The experiments were carried out three times in independent determinations.

Competing endogenous RNA network construction and functional enrichment analysis

Candidate lncRNAs verified by m6A single-base site qPCR were analyzed for ceRNA network construction using a previously described protocol [49]. Differentially m6A-methylated mRNAs as well as target mRNAs predicted by the ceRNA network were classified into GO terms based on the GO database (http://www.geneontology.org). The KEGG (http://www.genome.jp/kegg) database was also interrogated to determine the biochemical pathways enriched by these mRNAs. Hierarchical clustering was performed using R software.

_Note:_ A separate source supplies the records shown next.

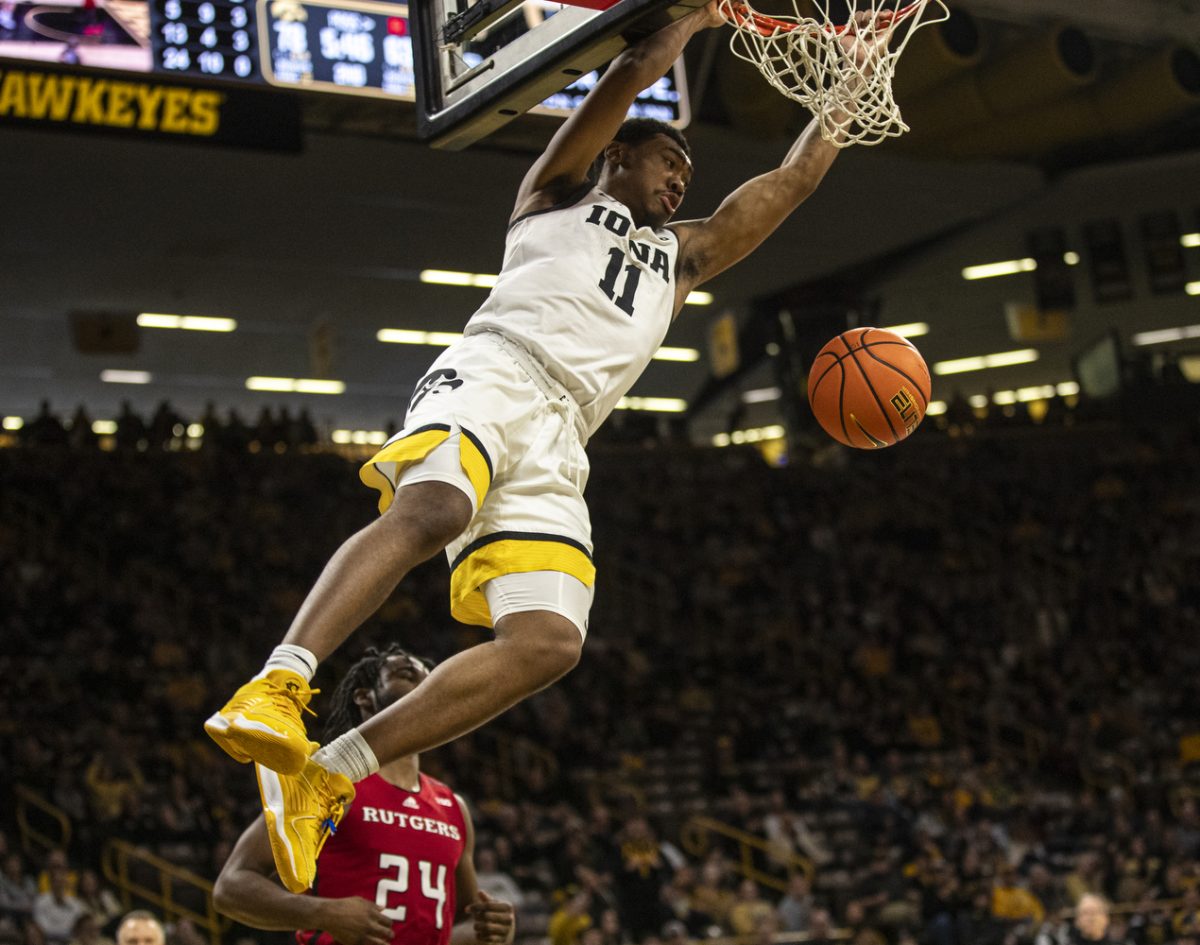 Iowa Guard Tony Perkins dunks the ball during a men’s basketball game between Iowa and Rutgers at Carver-Hawkeye Arena on Friday, Jan. 6. The Hawkeyes defeated the Scarlet Knights, 86-77. Perkins had 15 points during the game.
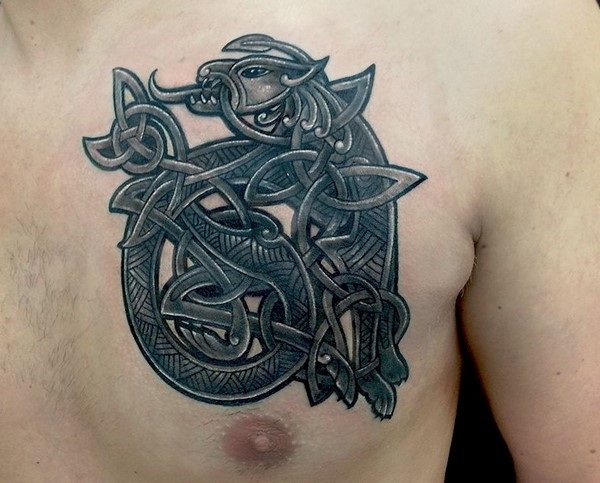 chest tattoo celtic style dragon design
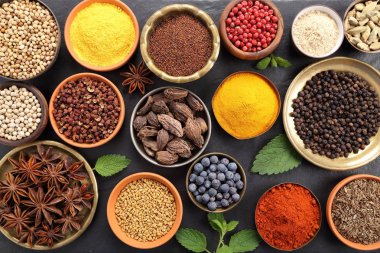 Renkli ve aromatik bitki ve baharat siyah seramik zemin. Üstten görünüm.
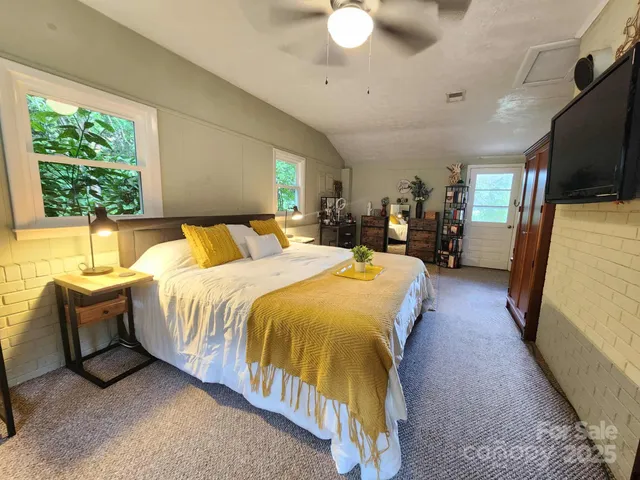 a bed sitting in a bedroom next to a window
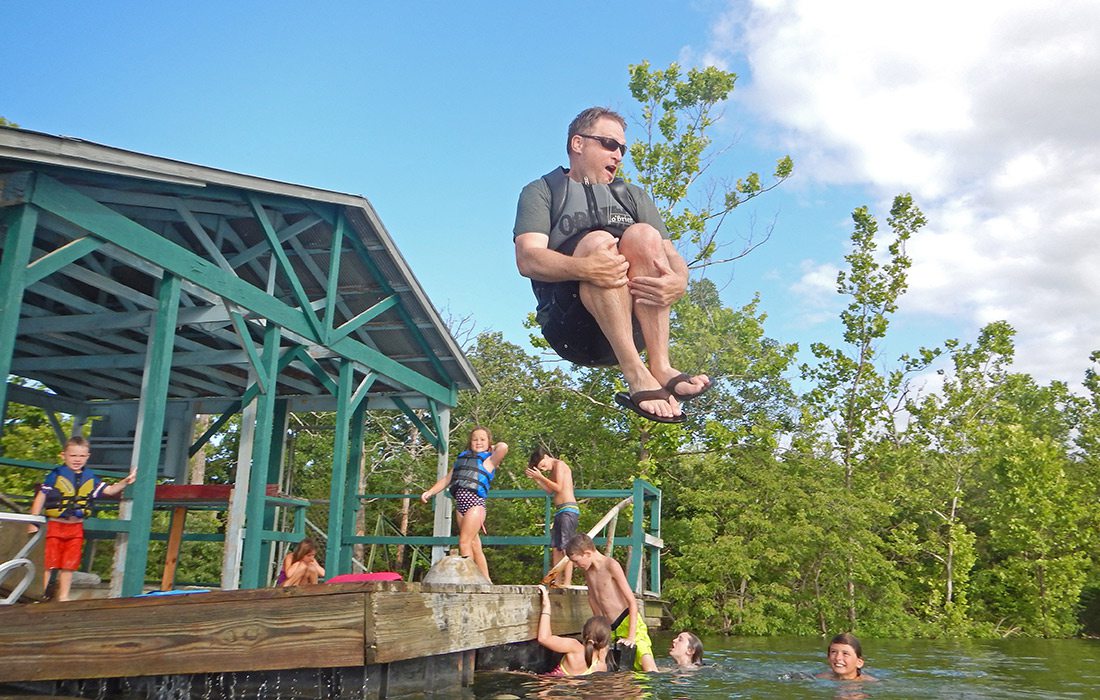 Father doing a cannon ball of the dock at Table Rock Lake in Branson MO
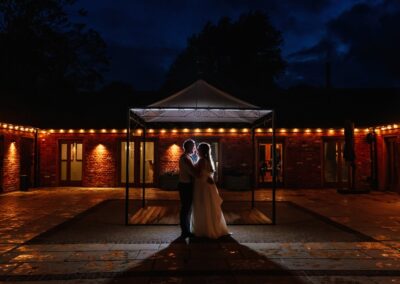 Night time shoot outside fairylit venue with couple backlit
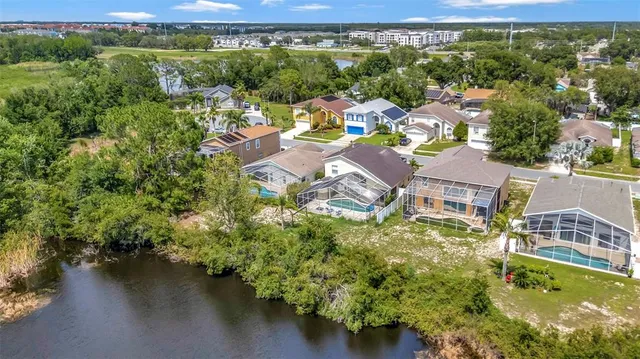 an aerial view of residential house with outdoor space and lake view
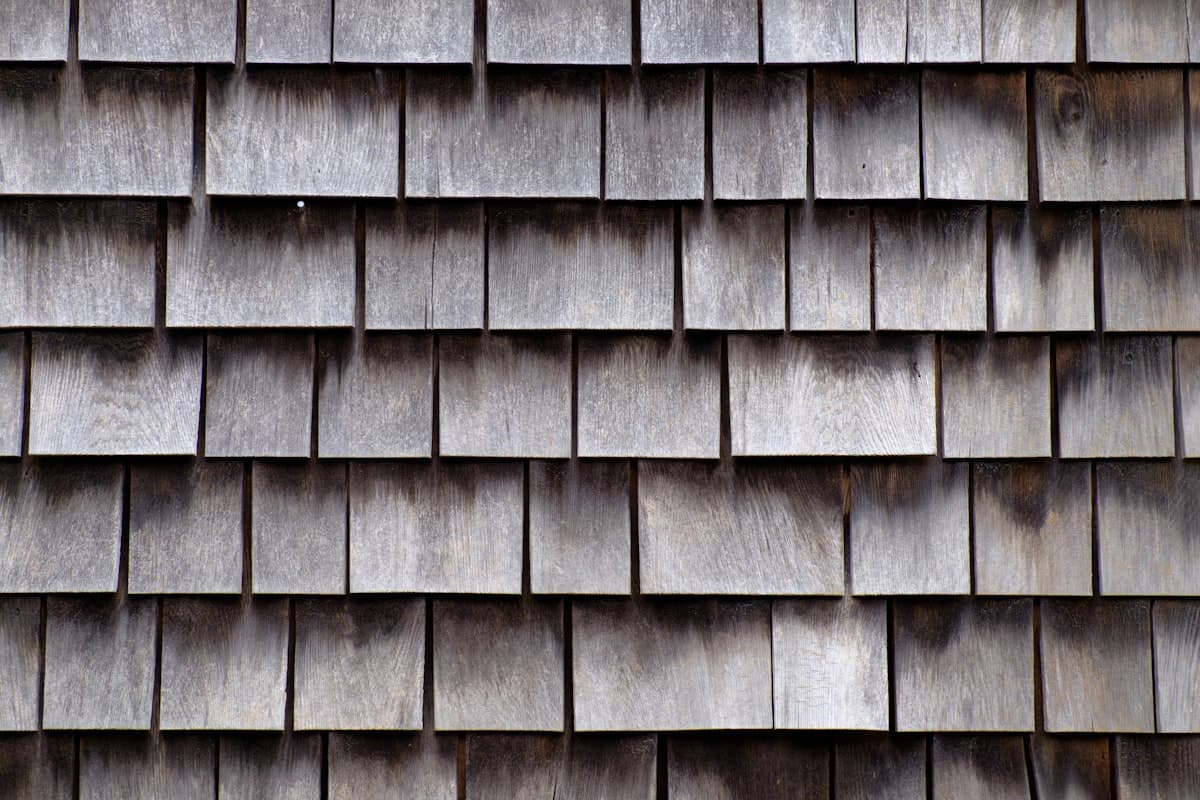 Overlapping brown clay roof tiles in a geometric pattern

Analysis of m6A methylation regulators

To verify the expression of m6A writer, eraser, and reader proteins, qPCR experiments were performed as previously described [50]. We selected 6 representative proteins involved in m6A modification and binding, for which primers sequences are listed in Supplementary Table 7. The experiments were carried out three times in independent determinations.

Statistical analysis

For qRT-PCR, microarray, and m6A single-base site qPCR data, differences in transcript expression and methylation levels between the LPS and control groups were evaluated using unpaired, two-sided t-test. Fisher’s exact test was applied to evaluate the significance of the GO terms and KEGG pathway identifiers for mRNAs with differential methylation levels as well as for mRNAs predicted by the ceRNA network. The analysis was performed using the limma package on R software, with the recommended cut off of P < 0.05.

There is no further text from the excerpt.